Inspired by SQuAD, the well-known English Q&A dataset, we ambition to build a similar dataset that will be openly available to all NLP practitioners. The protocol we followed is very similar to that of SQuAD v1.1. Still, some modifications had to be added to accommodate French Wikipedia’s characteristics. Another major difference is that we do not employ micro-workers through Amazon Mechanical Turk or any similar platform to create the dataset. This decision entails two key consequences: (1) we need to build a community of annotators around our project; and (2) we need an online crowd-sourcing tool to enable users to create question-answer pairs related to a set of short texts. Regarding community-building, we address the challenge by collecting annotations in two steps. In a first stage, we’ve been organizing annotation events, called annotathons, during which we provide in-house training to our potential contributors. These contributors usually come from a reduced circle within Etalab network. In the development stage, this reduced circle makes the effort manageable and enables us to collect feedback in order to modify the procedure if needed. The short training we provide helps us ensure the quality of the questions and answers, which is essential when building such a Q&A dataset.
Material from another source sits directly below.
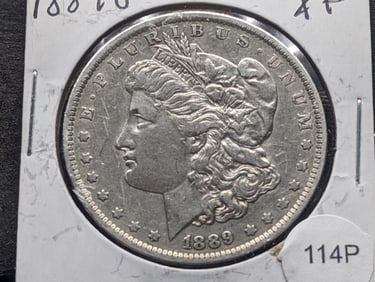 1889 O Morgan Silver Dollar XF
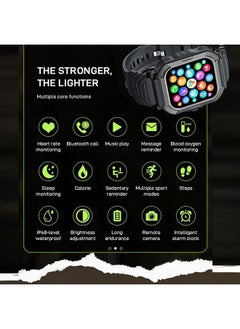 Arabest 1.85" Smart Watches for Men with Bluetooth Call (Answer/Make Call),New Fitness Tracker, IP68 Waterproof  Smart Watches with Heart Rate, Blood Oxygen and Sleep Monitor (Black)  - Image 5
The second stage consists in opening the annotation platform to the public at large. In this stage, participants will be trained to aptly perform the Q&A task through an on-line onboarding In terms of platform, the annotation tool for Q&A we are currently developing is of course open source and can be found here. Our annotation tool aims to be as user-friendly as possible to make the task easy and interesting to our contributors.
After four months of PIAF annothatons, we are proud to have now a robust annotation platform, a non-negligible amount of annotations (5000 contributions as of mid-March) and an innovative and well settled procedure for community management and collaborative participation within the French administration.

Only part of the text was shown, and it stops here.